Alla scadenza di ieri, alle 24, sono giunti i rilanci di tutti e tre i gruppi in corsa per prendere l’intero gruppo dell’acciaio con i suoi stabilimenti e società collegate: Baku Steel Company, Jindal International e Bedrock, la cui provenienza è rispettivamente Azerbajian, India e Stati Uniti; aziende siderurgiche le prime due, fondo di investimento il terzo.
In mattinata è attesa una comunicazione, non è certo se del ministro delle Imprese, Adolfo Urso, oppure dei commissari di AdI, Fiori, Quaranta e Tabarelli, sulla conclusione della gara.
Quest’ultima è stata lanciata a fine luglio con un bando internazionale e alla data del 20 settembre ha visto l’arrivo delle manifestazioni di interesse di cui tre per la società AdI intera e le altre per singoli, specifici asset. A quanto pare, ieri sera tardi non ci sarebbe stato un primo, sommario esame dei tre rilanci arrivati, ma solo il riscontro che Baku, Jindal e Bedrock hanno effettivamente rilanciato. L’ultima offerta aggiornata sarebbe arrivata poco prima delle 24, quindi sul filo della scadenza.

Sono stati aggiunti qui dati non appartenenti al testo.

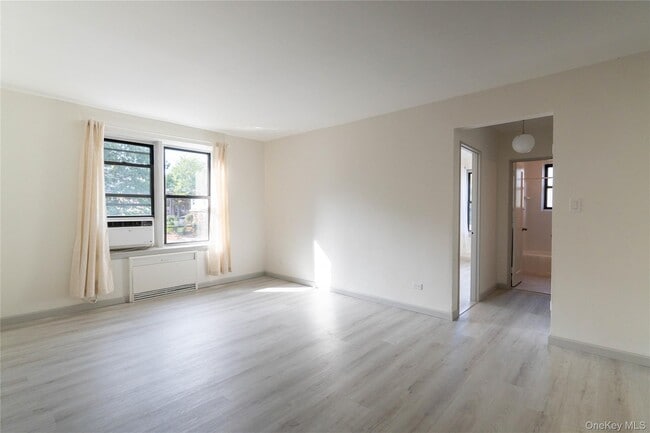 Foto del edificio - 170-06 Crocheron Ave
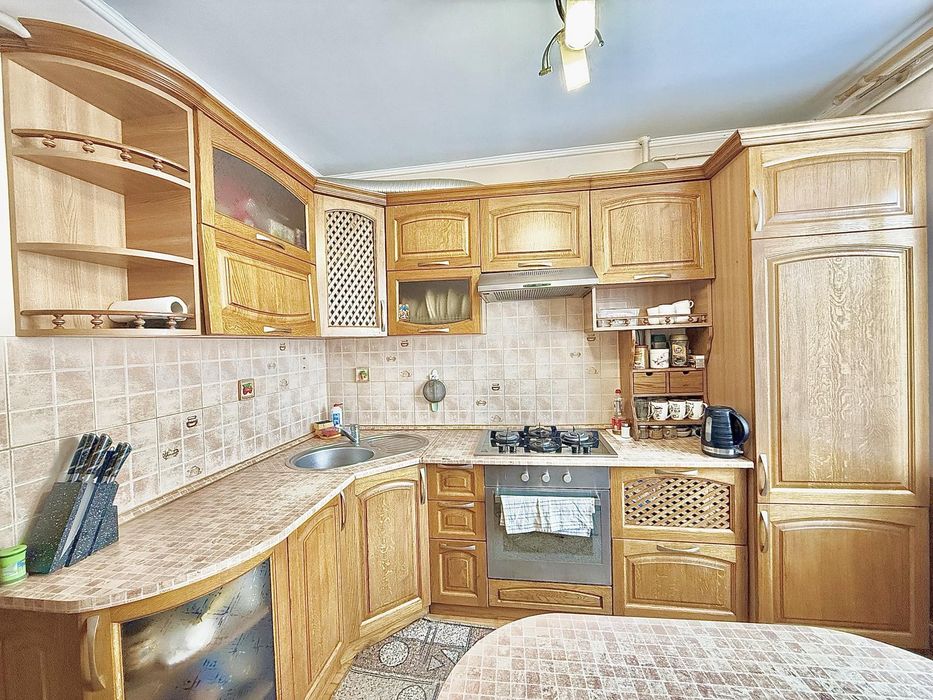 Квартира 2/х кім на Алясці біля ТЦ Подоляни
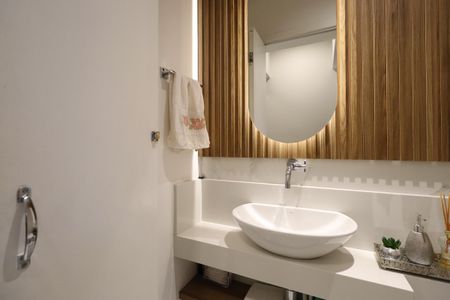 Casa à venda com 100m², 3 quartos e 2 vagasLavabo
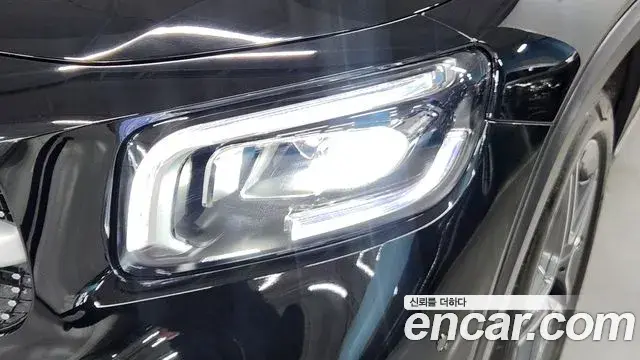 Mercedes-Benz GLB-Class 2022 — ფოტო 15/20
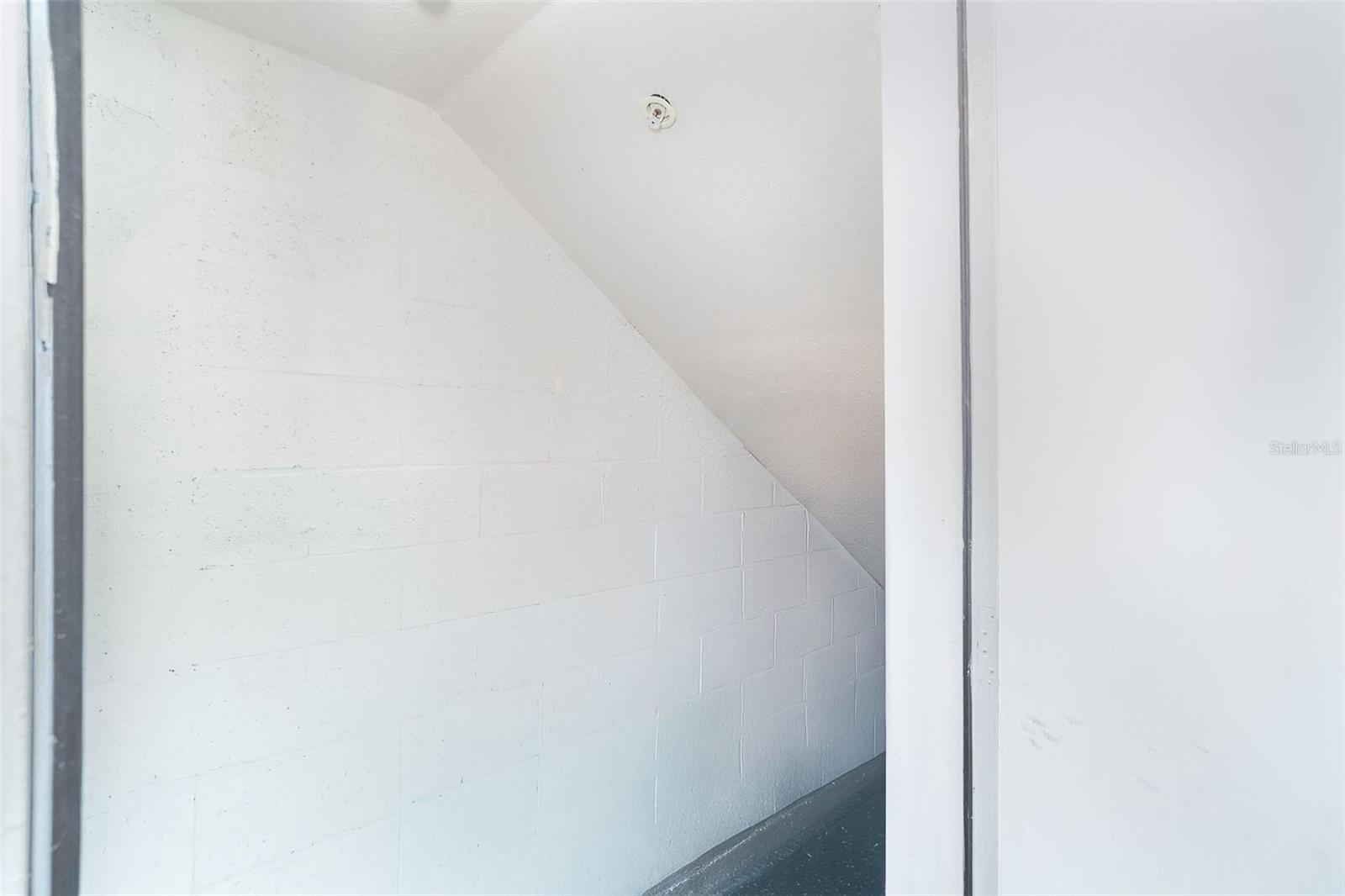 Image 38 of 55 For 8226 Harborside Circle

A Urso sarebbe stata data comunicazione dell’arrivo dei rilanci. E proprio perchè l’ultima proposta è pervenuta in extremis, non ci sarebbe stato il tempo per un primo vaglio di merito, che comincerà nelle prossime ore. Anche perchè si tratta di documenti da esaminare con attenzione che investono molteplici profili.
Nelle ultime ore sono divenute più insistenti le indiscrezioni, anche di fonti sindacali nazionali, che indicano in Baku Steel il prossimo gestore dell’acciaieria nonostante i passi avanti pure fatti dagli altri competitor. Inoltre, non ha avuto alcun seguito concreto l’ipotesi che Baku e Jindal potessero unire le loro forze e presentare un’offerta unica, dato che i tre si sono presentati singolarmente.
Anzi, già prima della chiusura dei rilanci, l’offerta degli azeri – che dalla loro hanno sia la grande disponibilità di gas che serve per la transizione dagli altiforni ai forni elettrici, sia l’alleanza con Azerbaijan Investment Company Ojsc, fondata nel 2006 dal Governo della Repubblica dell’Azerbajian che detiene il 100% del capitale – si presentava migliore rispetto a quelle di Jindal e di Bedrock.
Gli azeri, infatti, prima dell’ultimo step, avrebbero offerto un miliardo per l’azienda – 500 milioni per il magazzino e altrettanti per l’impianto – e il mantenimento di 7.800 posti di lavoro per due anni, requisito questo indicato nel bando di vendita, sui poco meno di 10mila che sono l’organico di tutta AdI a fine gennaio 2025. Questi elementi sarebbero stati adesso migliorati.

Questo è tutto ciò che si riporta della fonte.